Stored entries

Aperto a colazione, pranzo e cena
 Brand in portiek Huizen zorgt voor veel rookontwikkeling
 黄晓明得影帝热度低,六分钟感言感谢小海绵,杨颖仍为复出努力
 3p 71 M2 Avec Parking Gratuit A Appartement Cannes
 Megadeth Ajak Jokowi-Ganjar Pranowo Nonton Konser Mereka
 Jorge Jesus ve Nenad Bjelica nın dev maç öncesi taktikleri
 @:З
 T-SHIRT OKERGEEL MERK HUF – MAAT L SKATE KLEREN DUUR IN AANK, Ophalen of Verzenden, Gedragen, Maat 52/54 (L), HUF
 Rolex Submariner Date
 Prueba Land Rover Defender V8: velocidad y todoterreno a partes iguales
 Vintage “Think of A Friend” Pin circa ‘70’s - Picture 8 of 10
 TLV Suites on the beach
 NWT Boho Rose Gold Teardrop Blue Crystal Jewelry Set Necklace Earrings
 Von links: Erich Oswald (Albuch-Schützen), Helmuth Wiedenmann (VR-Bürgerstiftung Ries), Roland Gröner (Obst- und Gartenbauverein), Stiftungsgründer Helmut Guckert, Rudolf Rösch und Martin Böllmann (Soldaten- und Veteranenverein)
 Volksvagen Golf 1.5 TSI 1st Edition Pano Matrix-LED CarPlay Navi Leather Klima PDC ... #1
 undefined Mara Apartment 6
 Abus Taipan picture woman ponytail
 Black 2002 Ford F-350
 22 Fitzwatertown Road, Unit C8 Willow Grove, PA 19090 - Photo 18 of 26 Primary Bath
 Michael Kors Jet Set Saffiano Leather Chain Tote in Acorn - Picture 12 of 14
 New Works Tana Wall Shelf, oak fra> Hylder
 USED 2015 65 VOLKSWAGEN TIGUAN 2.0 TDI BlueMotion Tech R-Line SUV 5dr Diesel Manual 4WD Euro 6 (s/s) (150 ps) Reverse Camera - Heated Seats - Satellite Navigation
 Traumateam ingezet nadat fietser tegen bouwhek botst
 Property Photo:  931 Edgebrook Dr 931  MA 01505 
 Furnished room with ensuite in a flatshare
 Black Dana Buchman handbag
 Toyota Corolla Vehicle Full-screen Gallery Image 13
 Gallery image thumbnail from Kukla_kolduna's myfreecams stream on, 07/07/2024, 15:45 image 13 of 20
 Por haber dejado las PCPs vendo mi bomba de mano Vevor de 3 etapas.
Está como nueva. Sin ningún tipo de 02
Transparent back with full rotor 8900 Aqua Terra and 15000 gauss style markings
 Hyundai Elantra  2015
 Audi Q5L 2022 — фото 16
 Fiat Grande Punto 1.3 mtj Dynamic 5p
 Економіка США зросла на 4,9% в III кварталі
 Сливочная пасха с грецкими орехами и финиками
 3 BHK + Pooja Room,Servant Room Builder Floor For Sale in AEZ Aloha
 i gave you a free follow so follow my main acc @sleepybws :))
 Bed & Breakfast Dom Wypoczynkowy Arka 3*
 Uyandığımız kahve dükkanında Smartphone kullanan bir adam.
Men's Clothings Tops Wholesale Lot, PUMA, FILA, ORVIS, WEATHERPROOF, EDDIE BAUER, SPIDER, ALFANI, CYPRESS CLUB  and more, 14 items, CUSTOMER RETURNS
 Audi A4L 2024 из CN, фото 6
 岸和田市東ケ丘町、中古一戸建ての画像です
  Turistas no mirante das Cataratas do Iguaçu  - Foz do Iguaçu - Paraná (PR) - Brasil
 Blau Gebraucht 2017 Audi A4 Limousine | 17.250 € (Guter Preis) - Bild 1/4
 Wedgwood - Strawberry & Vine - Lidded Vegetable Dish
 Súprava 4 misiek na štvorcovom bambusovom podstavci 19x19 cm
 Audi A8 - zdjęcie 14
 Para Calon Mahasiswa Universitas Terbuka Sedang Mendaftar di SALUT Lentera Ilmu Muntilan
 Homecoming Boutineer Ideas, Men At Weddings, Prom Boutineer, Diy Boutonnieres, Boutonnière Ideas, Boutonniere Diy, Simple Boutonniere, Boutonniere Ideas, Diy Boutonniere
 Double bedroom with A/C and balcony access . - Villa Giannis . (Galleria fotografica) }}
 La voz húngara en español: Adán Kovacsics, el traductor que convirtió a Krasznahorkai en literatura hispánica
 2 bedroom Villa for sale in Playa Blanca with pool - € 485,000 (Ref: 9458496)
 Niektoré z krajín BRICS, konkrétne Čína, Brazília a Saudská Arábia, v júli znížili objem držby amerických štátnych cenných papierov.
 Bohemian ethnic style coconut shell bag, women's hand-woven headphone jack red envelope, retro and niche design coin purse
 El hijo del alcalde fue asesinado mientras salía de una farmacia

(PROBLEM DETAILS):
Return, unchanged, the run of lines above that opens with the line containing "Brand in portiek" and closes with the line containing "NWT Boho Rose". Include both.

(EXERCISE RESULT):
 Brand in portiek Huizen zorgt voor veel rookontwikkeling
 黄晓明得影帝热度低,六分钟感言感谢小海绵,杨颖仍为复出努力
 3p 71 M2 Avec Parking Gratuit A Appartement Cannes
 Megadeth Ajak Jokowi-Ganjar Pranowo Nonton Konser Mereka
 Jorge Jesus ve Nenad Bjelica nın dev maç öncesi taktikleri
 @:З
 T-SHIRT OKERGEEL MERK HUF – MAAT L SKATE KLEREN DUUR IN AANK, Ophalen of Verzenden, Gedragen, Maat 52/54 (L), HUF
 Rolex Submariner Date
 Prueba Land Rover Defender V8: velocidad y todoterreno a partes iguales
 Vintage “Think of A Friend” Pin circa ‘70’s - Picture 8 of 10
 TLV Suites on the beach
 NWT Boho Rose Gold Teardrop Blue Crystal Jewelry Set Necklace Earrings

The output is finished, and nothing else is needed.